The impact of China’s Sword Policy has been devastating to councils and the resource recovery industry, but there’s a strong chance it’s only going to get much worse. This opinion is from industry association Centre for Organic Research & Education (CORE), after spending over 20 years assessing and building markets for recycled organics around Australia, Canada, Singapore, United States and yes, China!

CORE’S brutal assessment is based on the association’s activities in its China office where it is assisting local members recover and value-add recycled organics into high-value products. During this time CEO Chris Rochfort and Chairman Eric Love have been in advocacy dialogue with China’s Ministry of Environmental Protection on behalf of members and stakeholders in the resource recovery industry throughout China. The bad news (for Australian councils and the resource recovery industry) is China is only starting to ramp up its own recycling efforts across all recyclables. This and the wholesale shutdown of polluting factories are the main reason China is now being selective in the types and quality of materials it will accept.

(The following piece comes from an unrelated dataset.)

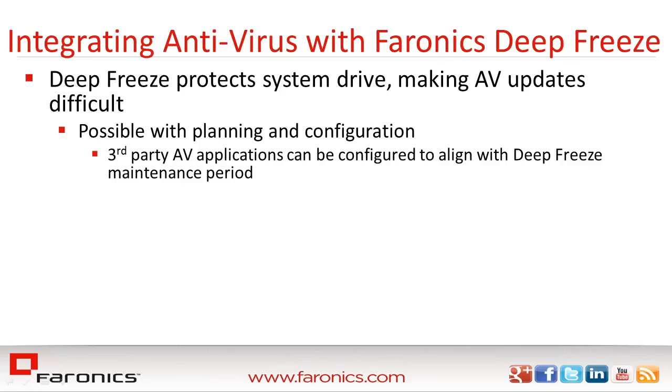Luckily, Faronics Deep Freeze provides configuration options that can help administrators ensure that their antivirus software is kept up to date.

With a population of 1.3 billion and an increasing expansion of metropolis’ innovation and affluence, China’s own internal supply channels may soon outstrip demand for foreign recyclables completely. You can’t really blame China — who would want to pay to have low-quality waste materials shipped halfway around the world when there is a lower cost alternative right under their noses? In addition, low quality means that a proportion of this material is likely to end up in China’s landfills and incinerators, which is contrary to China’s mandated environmental and sustainability reform agenda. Australia and the western world may one day thank China for addressing the environmental impacts waste has on its society. The Sword Policy has exposed a weakness that has been in the system in Australia for decades — heavy reliance on one market and underdevelopment of local options.

This is diametrically opposed to the organics recycling industry where there is no export market. Recycled organics have low commodity values and shipping them to foreign lands for processing contravenes foreign biosecurity and quarantine laws. This led CORE in the late 1990s to develop comprehensive demand creation strategies for product and market development.

An updated blueprint for market development released by CORE in 2016 includes local strategies and programs aimed at assisting members to secure markets for the ever-increasing volumes of recycled organics being diverted from landfill. CORE’s same product and market development principles and strategies are being implemented today for its members globally with the emphasis on local market development.

This is an approach the dry recycling industry should adopt. However, don’t expect quick fixes, although short-, medium- and long-term strategies are all part of the mix, particularly contingency planning, which has been sadly lacking and now exposed by China’s Sword Policy.

‘Knee-jerk’ funding for ad hoc projects should be resisted until a comprehensive strategy that includes product and market development is completed. Without prioritisation, proper cost modelling, and market and viability research being conducted, the rest is a waste of time. Again, there are lessons learned from some approaches in providing funding to the recycled organics industry that has been frittered away on projects that have little or no strategic significance. Another opinion is don’t hire a lone consulting firm to prepare the strategy, as this leads to narrow, flawed and opinionated pieces of work that lack holistic approaches. Industry must own it and work it! Like CORE has done for more than 20 years.